A couple of them speak of the artist’s apprehension by police for after being reported for singing to the local birds. And only one of them just so happens to take two sentences to describe one of her paintings before diving back into describing the anomaly that is the focus of this article. It is a difficult task to write about an artist’s work when the artist herself is equally as interesting as her prints, but it is what the rest of this article will attempt to direct its focus on.

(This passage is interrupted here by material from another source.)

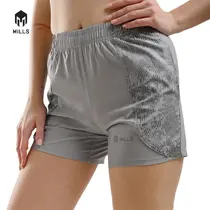 Celana Mills Fastrack Running Short Women 2.0 39004 - Grey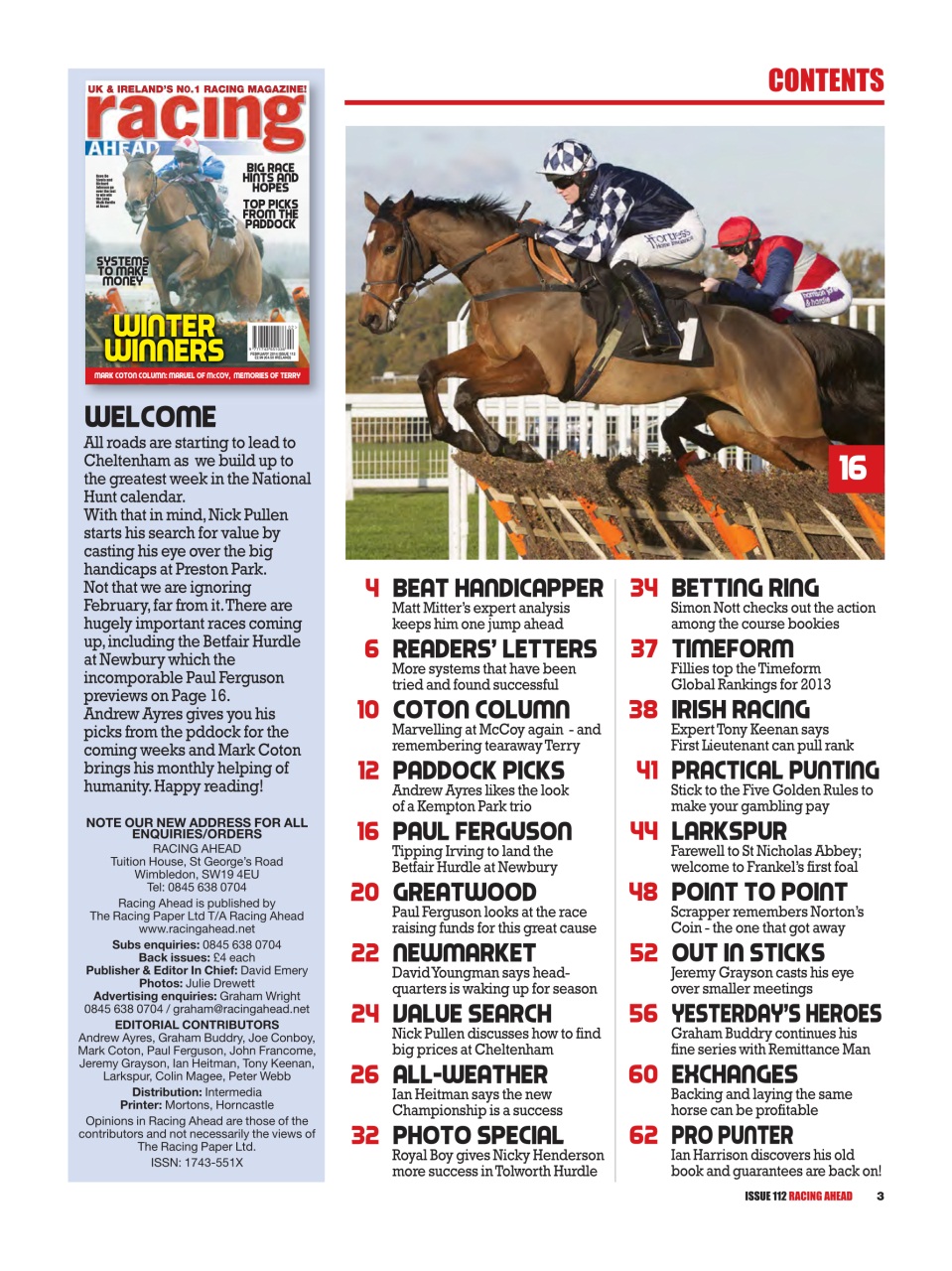 Racing Ahead Preview Pages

According to MAM owner Larry Roots, Piper has been due this exhibition for years and has been on the gallerist’s radar for even longer, stretching back to before Roots moved his entire operation from Lincoln to Omaha. It was at that time that many fresh and largely unseen faces began to show on MAM’s gallery walls signaling a partial changing of the guards from mostly over-shown mid-to-late-career artists to a series of new voices in the Omaha commercial gallery scene. Piper’s exhibition feels like an exclamation point on this movement.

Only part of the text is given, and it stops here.